Before you read the rest of what I’m banging-on about today, let me first say congratulations to England on the Ashes Series win. As an Aussie, it’s hard to take but there is no doubt the best team won and deserved to do so. It must be wonderful to have an Aussie coach also. 🙂
If you’re not from parts of the world where you know what the Ashes is, it’s the traditional series of five Test cricket matches between England and Australia that have been going since 1877. For a country that plays many sports and is pretty good at many sports, an Australia v England Test cricket match is Australia’s greatest single sporting rivalry. Bar none.
It is akin to the Yankees v Red Sox in baseball, Chrissy Evert v Martina Navaratilova in tennis, Rangers v Celtic in Scottish football – except it’s a national team and international competition.
Up until a few years ago, the gap between an Ashes Series on home soil, either in England or Australia, was four years. As a consequence, when it rolled around each time, it was highly anticipated and attracted enormous interest from fans and media, and was one of the most commercially successful events on the international cricket calendar.
However, in recent years, as part of the great cricket coup that was reported on by the Australian Broadcasting Corporation’s 4 Corners program this week, England and Australia upped the ante on the Test matches. In an effort to bring more money into the coffers, instead of one every four years in either country, we’ve been flooded with Test Series in the past few years, even to the point of two in seven months in 2013.

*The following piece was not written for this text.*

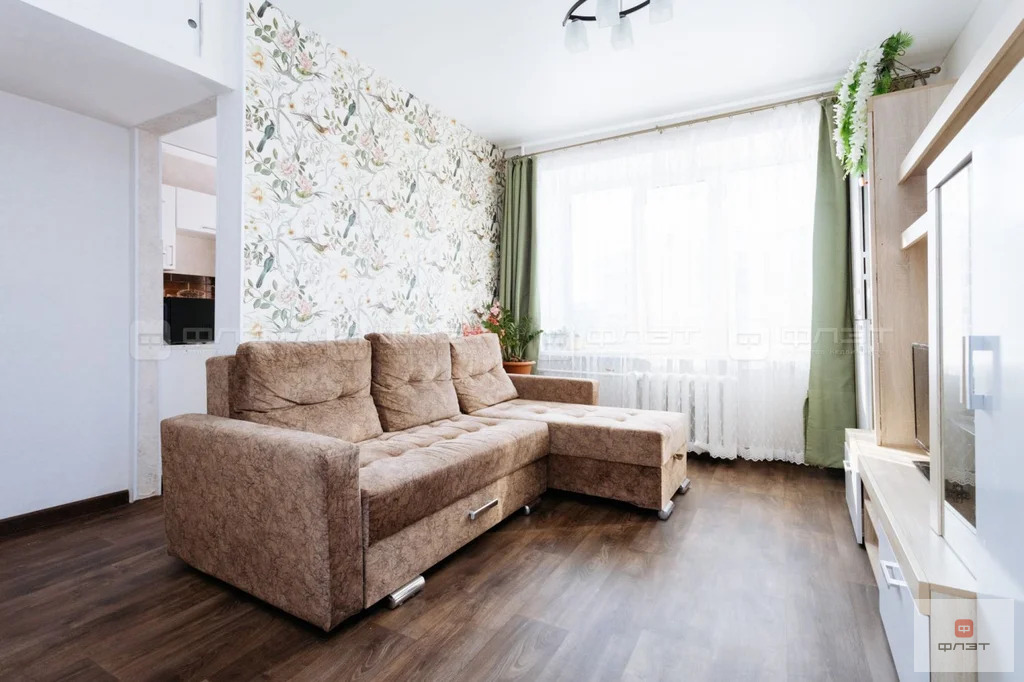 Продажа квартиры, Казань, ул. Октябрьская - Фото 2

While still at healthy levels, interest has nonetheless waned. The once revered prize of the little Ashes urn has become more of a ‘ho hum’ feature in the regular churn of sporting contests, compared with being seen as the ultimate sporting prize – at least for Australians.

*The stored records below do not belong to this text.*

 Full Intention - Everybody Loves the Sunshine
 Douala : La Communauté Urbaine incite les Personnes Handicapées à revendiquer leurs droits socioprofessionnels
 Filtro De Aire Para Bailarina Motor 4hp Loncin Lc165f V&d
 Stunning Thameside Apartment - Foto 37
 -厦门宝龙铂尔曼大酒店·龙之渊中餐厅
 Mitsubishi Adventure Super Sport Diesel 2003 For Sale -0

Thankfully, even the International Cricket Council and the respective national boards have seen the error of their ways and are reverting to the old pattern from this year. We will not see another Ashes Series in England until 2019 and the next one in Australia is the summer of 2017-18.
The recent experience of the Ashes Series is a good lesson to all sports brands about the balance between revenue generation – or in some cases out-and-out greed – versus the protection of long-term brand and values.
For all of football’s ills, for example, I can’t see FIFA ever trying to make the World Cup or the other continental cups – such as the Euros – anything other than quadrennial. Putting aside the issues of the busy sporting calendar, it would simple lessen the allure of being World Champion if that title was bestowed more often than a great global event every four years.
One sport that has got this balance right is the British Lions rugby tour. The British Lions is a composite rugby team comprised of eligible players from England, Scotland, Ireland and Wales. They tour every four years either to South Africa, Australia or New Zealand – which means each of those four southern hemisphere nations only see the Lions every twelve years.
It is an enormously successful concept that has been going since 1888. It brings great financial rewards for the organisers while also having broad appeal and allure to fans and competitors.
As with anything in life, sometimes the ‘less is more’ concept is the best approach. International and national sporting bodies might want to consider the same in the best long-term interests of their sport, their brands and what they stand for.